La bande-annonce laissait présager un film casse-gueule, trop ambitieux ou pas assez, et puis en le visionnant on se rend compte qu'on a plutôt vu juste. Le scénario, posé dès l'entrée est simple, convenu, avec juste une dose de mystère qui nous donne envie de continuer, mais on comprend assez vite qu'il ne va pas forcément devoir chercher par-là.
Et en effet, la chose qui crève tout de suite l'écran ce sont ces deux monstres du cinéma français, aussi grandioses l'un que l'autre, et qui proposent leur interprétation sans avoir à forcer, simples, précis, dans un accord majeur absolument parfait. Même physiquement, la symbiose opère, ce ventre énorme qui bouillonne, qu'on laisse forcément se transfigurer involontairement dans les steppes de Russie au côté de Vladimir Poutine, mirage aussitôt éclipsé par la performance électrique de Gérard Depardieu sous ce soleil de plomb, et la silhouette frêle, élégante et glaciale d'une Isabelle Huppert impeccable comme à son habitude. Il serait bien pénible de déterminer qui donne la réplique à l'autre, et c'est dans ce jeu d'acteurs de haut vol que vient bientôt se loger le film.
On comprend mieux l'affiche, où en dix fois plus gros que n'importe qui leurs noms s'étalent, et ce qu'on avait prit pour une annonce commerciale bien compréhensible se révèle être en fin de compte d'une honnêteté qu'il faut reconnaitre, et ce sans ironie.
Ces deux êtres accomplis et brisés, cabossés par la vie, mais qui gardent la dignité de faire comme si de rien n'était dans leurs vies quotidiennes, comme au final nous faisons tous, "s'offrent" presque cette parenthèse dans cette vie de faux-semblants; l'une par nécessité, l'autre certainement par peur d'avoir mauvaise conscience...
On se laisse donc porter par une escroquerie qui fonctionne, un film Nouvelle Vague qui arrive sur le tard, mais qui n'est au final on le sait bien qu'un hymne à l'amour, tout en pudeur, du cinéaste pour ces deux acteurs.

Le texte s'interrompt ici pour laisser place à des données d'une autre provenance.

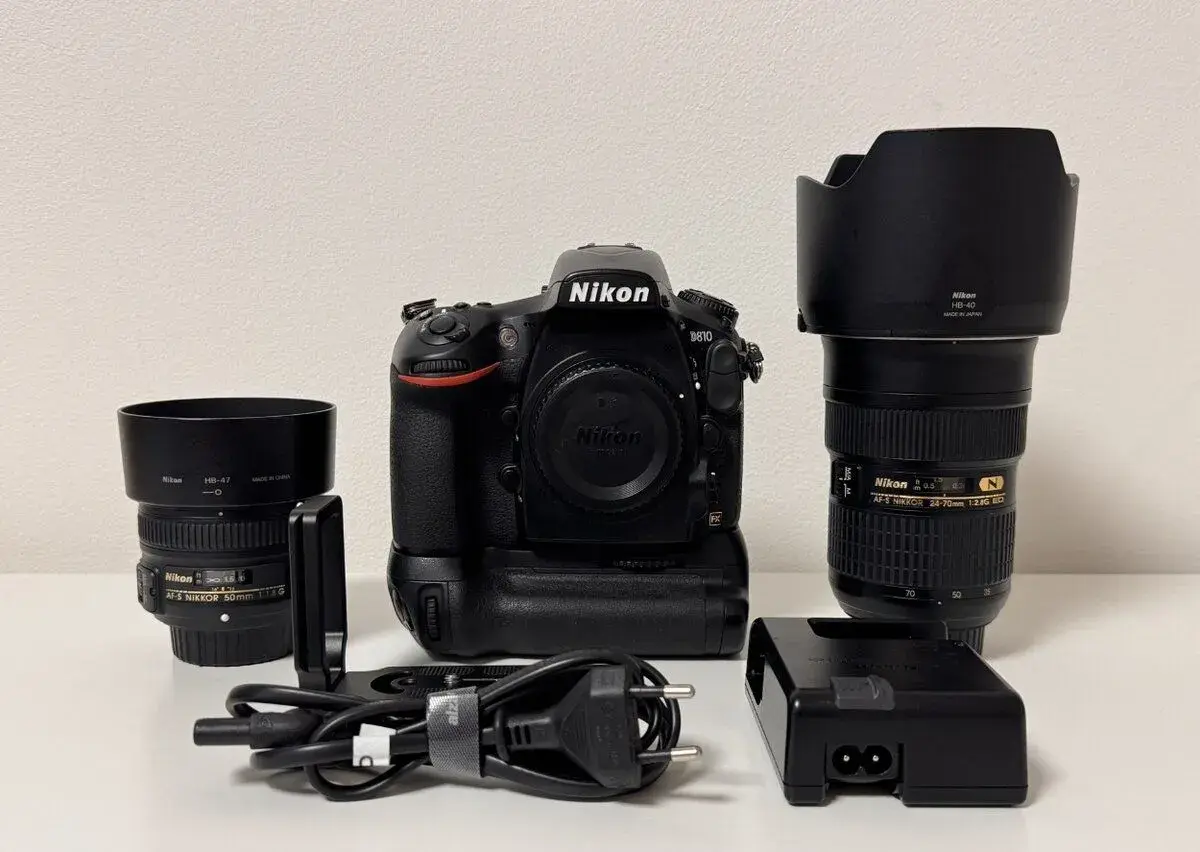Nikon D810 + Nikkor 24-70 f/2.8 + 50 f/1.8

Les éléments fantastiques du scénario donne une teinte étrangement pastel à cette Vallée de la Mort, écrasée par le soleil et la vulgarité de son exploitation touristique, au milieu de laquelle les deux protagonistes-acteurs (on ne s'en défait pas) tentent avec fragilité d'y trouver du réconfort. Très vite, on est comme Gérard Depardieu, on a du mal avec ce scénario, à y croire, comme lui nous n'avons plus d'illusions. Et puis tout comme lui, se trimbalant avec sa dégaine de beauf assumé, ou bien torse nu dans les couloirs de l’hôtel, au final, on en a plus rien à foutre.
On accepte. C'est une performance, et peu importe la réalité des faits, on veut voir leurs jeux respectifs aller au bout d'eux-même, et l'on n'est pas déçu. Un charme certain s'en dégage sans qu'on ne sache vraiment pourquoi, et étrangement ce n'est pas un film raté, porté à bout de bras par deux acteurs extraordinaires, c'est plus que cela.